The term ‘heteronormativity’ refers to a particular way of normative thinking. Heteronormativity
[…] designates all those ways in which the world makes sense from a heterosexual point of view. It assumes that a complementary relation between the sexes is both a natural arrangement (the way things are) and a cultural ideal (the way things should be) (Dean 2003: 238).
The terms heteronormative and heteronormativity will be used in reference to discourse which marginalises, discriminates against, or even excludes individuals on the basis of their non-compliance with ‘compulsory heterosexuality’. It is significant that such non-compliance or ‘deviation’ does not have to concern sexuality. It might also be a ‘deviation’ from underlying belief systems. For example, heteronormative discourse will try to marginalise dissidents of the patriarchal order, no matter if homosexual or non-homosexual.
Otherness, Identity and Alterity
What is referred to with ‘otherness’ is the quality of what is perceived as ‘other’ from the perspective of a specified self. ‘Other’ is used to signify that which is perceived as crucially different, and typically also strange. It has to be noted that the term usually is not used altogether neutrally. Often, it bears a negative connotation: “The construction of Otherness can be detected at the root of much injustice and suffering […]” (Corbey/ Leerssen 1991b: xvii). The ‘other’ is defined ex negativo from the self, it is considered to be what the self is not:
The other is other because s/he is focalized by the self of the observer. While the self is in the position of focalization, the other is by definition the object. […] The other is used as screen on which ideals or terrors can be projected, or as location to which problematic feelings about the self can be displaced (Van Alphen 1991: 15).
At the same time, the ‘other’ is essential to the self, because the self requires an ‘other’ to delimit itself and to be(come) itself. The other is essential for the formation of selfhood. In order to account for the necessity of the other for the formation of the self, we may turn to Jacques Lacan’s ‘mirror stage’ (Lacan 1973: 63-70; cf. Bristow 1997: 83-89; Roudinesco 2003: 30-33). The following account is incomplete and extremely simplified.
The mirror stage (stade du miroir) occurs between the sixth and eighteenth month of life. At this stage, the infant is far from being able to fully master his own body. However, on seeing his own reflection in a mirror, the infant perceives the image of a bodily unity which he takes to be himself. This very image that the infant perceives is what Lacan calls the ‘ o ther’ (with a small ‘o’). The infant identifies with the image of himself, thus anticipating the bodily unity the image presents. He recognises himself for the first time as a whole. Yet, this recognition is a ‘ mis recognition’, for the infant mis takes himself for the image of himself. What this implies is that the self does not begin to form an identity or a notion of selfhood until he is confronted with an other, i.e. the image of himself. This ‘other’ has to be distinguished from another ‘ O ther’ (with a capital ‘O’). The other ‘Other’ is the person who carries the child, i.e. usually the mother or father. This second ‘Other’ comes into play because when the infant identifies with the image he perceives, he demands that this (mis)recognition be verified by an ‘Other’. By turning his gaze to the ‘Other’ for verification, the infant requests verification of himself through the ‘Other’. This request is made non-verbally, yet it is already structured like language. It is at this moment, therefore, that the infant enters into language, i.e. enters into the symbolic order (Lacan 1973: 50f.; Pagel 1999: 50f.; Hiebel 1990: 57ff.).

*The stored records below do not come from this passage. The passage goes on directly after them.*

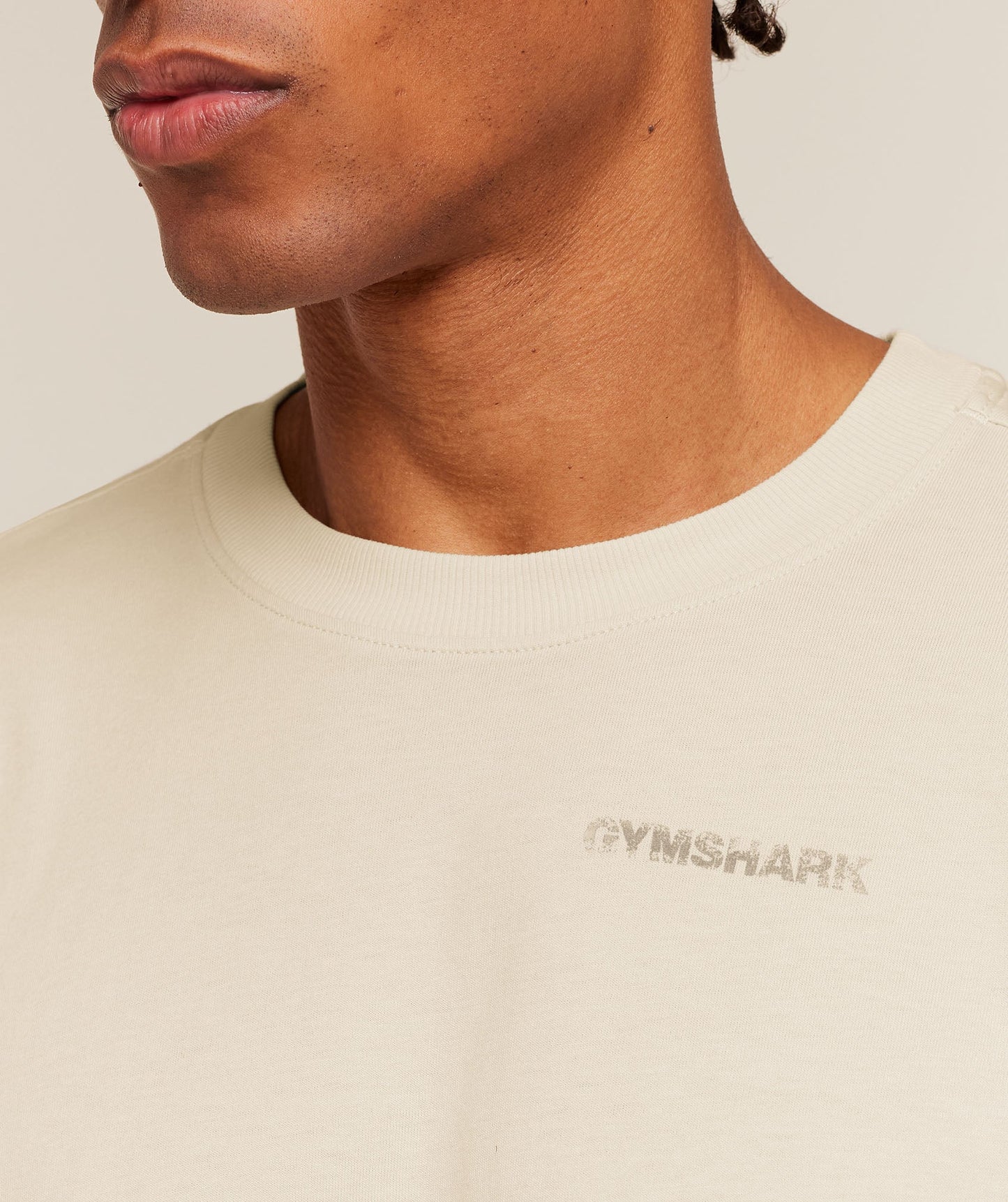 Accent Boxy T-Shirt | Tinted White
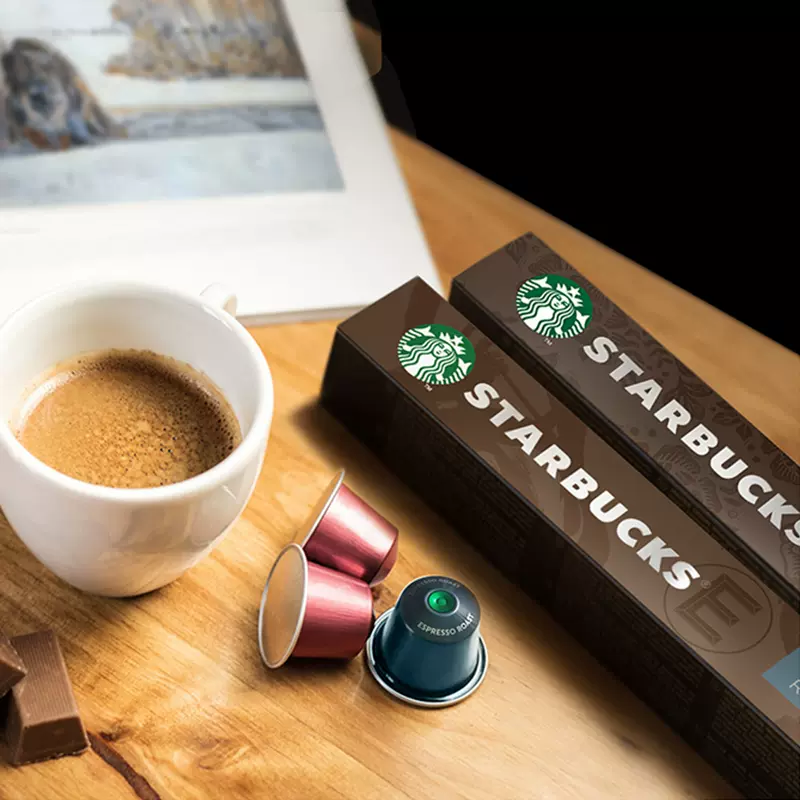 Starbucks 星巴克 Nespresso 浓遇胶囊咖啡 10颗*8条组合装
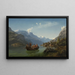 Hochzeitsprozession am Hardangerfjord - Adolph Tidemand — gerahmtes Bild an der Wand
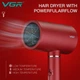 Фен VGR V-431 червоний 1800 Вт 2 рівні обдування 2 режими (9136) - зображення 4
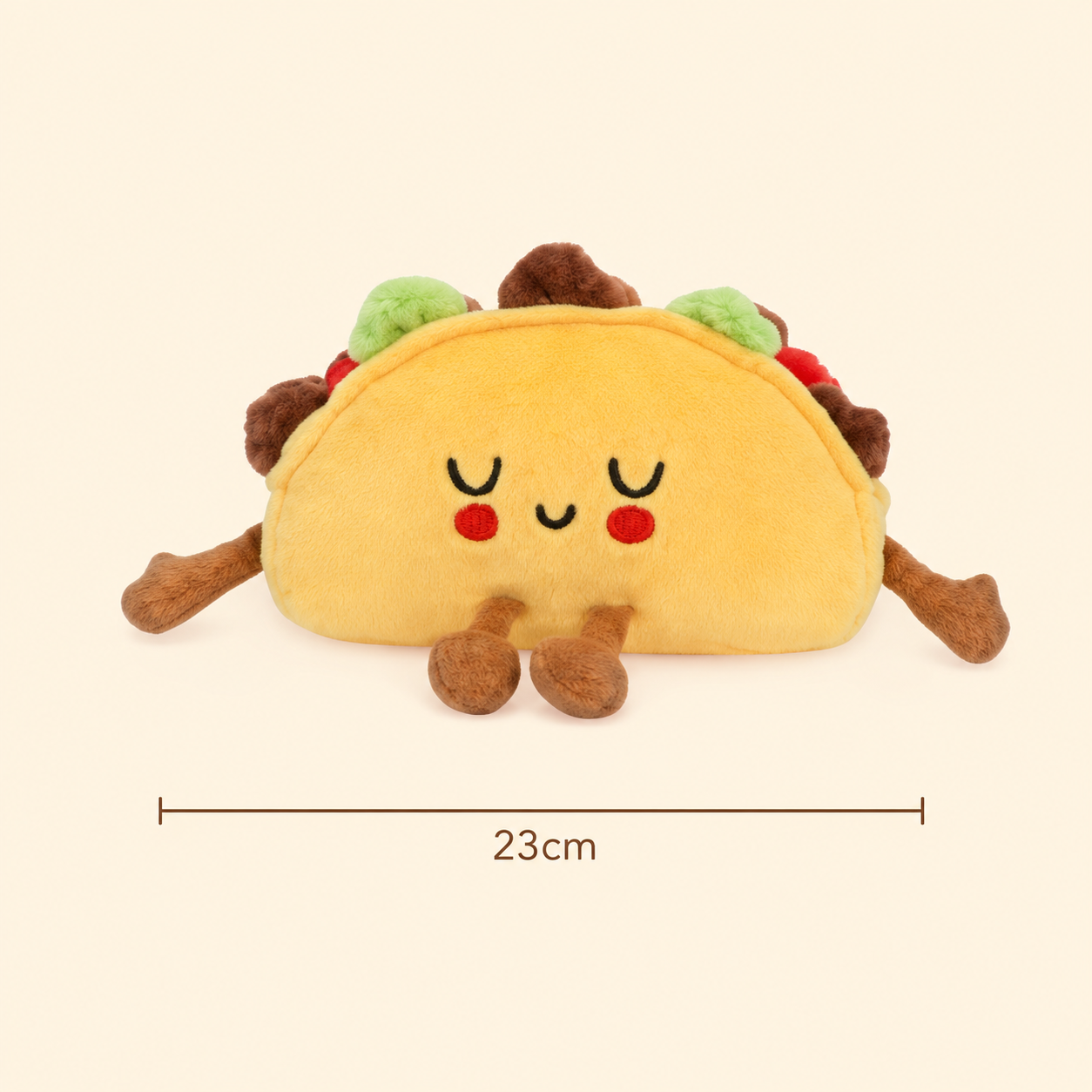 Taco Plushie | Besitos Food Friends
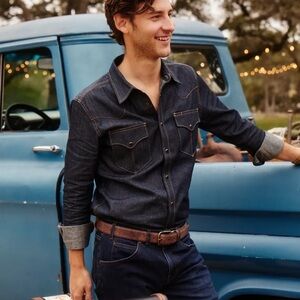 Tecovas Denim Pearl Snap Shirt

However, the constitution of selfhood is not a one-time action. In fact, it should be considered as an ongoing formation process in constant need of repetition rather than a state that can be reached. Therefore the relevance of the other for the constitution of the self is obviously not restricted to infancy but accompanies the individual throughout his life: “Otherness will not go away: we know the world by subdividing it in spheres that we do or do not identify with” (Corbey/Leerssen 1991b: xviii).
To sum up what we mean by other and otherness: Although the self perceives as other what he perceives as alien to himself, identification as this same self would not be possible without an other. ‘Otherness’ and ‘selfhood’ as well as ‘otherness’ and ‘sameness’ are relational terms, neither of which has any meaning without the other.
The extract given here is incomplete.